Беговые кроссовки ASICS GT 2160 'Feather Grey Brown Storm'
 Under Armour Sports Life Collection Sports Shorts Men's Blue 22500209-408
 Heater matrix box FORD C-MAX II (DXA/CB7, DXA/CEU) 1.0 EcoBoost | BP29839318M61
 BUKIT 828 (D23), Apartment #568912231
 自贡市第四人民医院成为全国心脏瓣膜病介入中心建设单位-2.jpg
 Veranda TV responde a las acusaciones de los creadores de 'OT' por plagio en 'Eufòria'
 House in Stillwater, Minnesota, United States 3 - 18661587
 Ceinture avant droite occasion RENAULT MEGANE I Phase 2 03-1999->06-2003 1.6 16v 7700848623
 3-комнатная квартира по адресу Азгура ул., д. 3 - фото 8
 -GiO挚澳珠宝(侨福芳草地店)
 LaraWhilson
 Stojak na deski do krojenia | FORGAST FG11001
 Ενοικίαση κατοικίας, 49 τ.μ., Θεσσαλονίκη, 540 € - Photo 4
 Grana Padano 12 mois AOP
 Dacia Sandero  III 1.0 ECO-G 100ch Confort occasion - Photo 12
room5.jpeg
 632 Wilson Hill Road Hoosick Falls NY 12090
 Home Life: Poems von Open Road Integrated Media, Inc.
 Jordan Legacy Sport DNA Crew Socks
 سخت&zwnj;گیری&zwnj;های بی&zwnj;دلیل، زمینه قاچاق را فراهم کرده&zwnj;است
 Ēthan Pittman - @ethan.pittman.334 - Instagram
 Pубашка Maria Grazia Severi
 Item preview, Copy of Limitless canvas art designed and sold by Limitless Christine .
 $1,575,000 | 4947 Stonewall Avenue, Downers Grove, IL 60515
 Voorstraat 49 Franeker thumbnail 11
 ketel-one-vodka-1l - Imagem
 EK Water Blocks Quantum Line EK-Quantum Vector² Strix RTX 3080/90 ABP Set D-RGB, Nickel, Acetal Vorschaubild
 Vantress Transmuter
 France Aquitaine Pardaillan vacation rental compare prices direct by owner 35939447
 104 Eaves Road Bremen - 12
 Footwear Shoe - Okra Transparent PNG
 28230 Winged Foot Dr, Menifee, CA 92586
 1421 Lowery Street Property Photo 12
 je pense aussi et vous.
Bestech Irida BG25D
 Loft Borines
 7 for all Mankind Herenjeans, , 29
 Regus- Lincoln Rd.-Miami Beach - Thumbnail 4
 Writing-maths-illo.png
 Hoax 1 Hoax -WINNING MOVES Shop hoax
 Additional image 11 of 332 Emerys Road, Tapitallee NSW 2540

———

Return every line in the records that includes the string "occasion".

- _Result for this task_
 Ceinture avant droite occasion RENAULT MEGANE I Phase 2 03-1999->06-2003 1.6 16v 7700848623
 Dacia Sandero  III 1.0 ECO-G 100ch Confort occasion - Photo 12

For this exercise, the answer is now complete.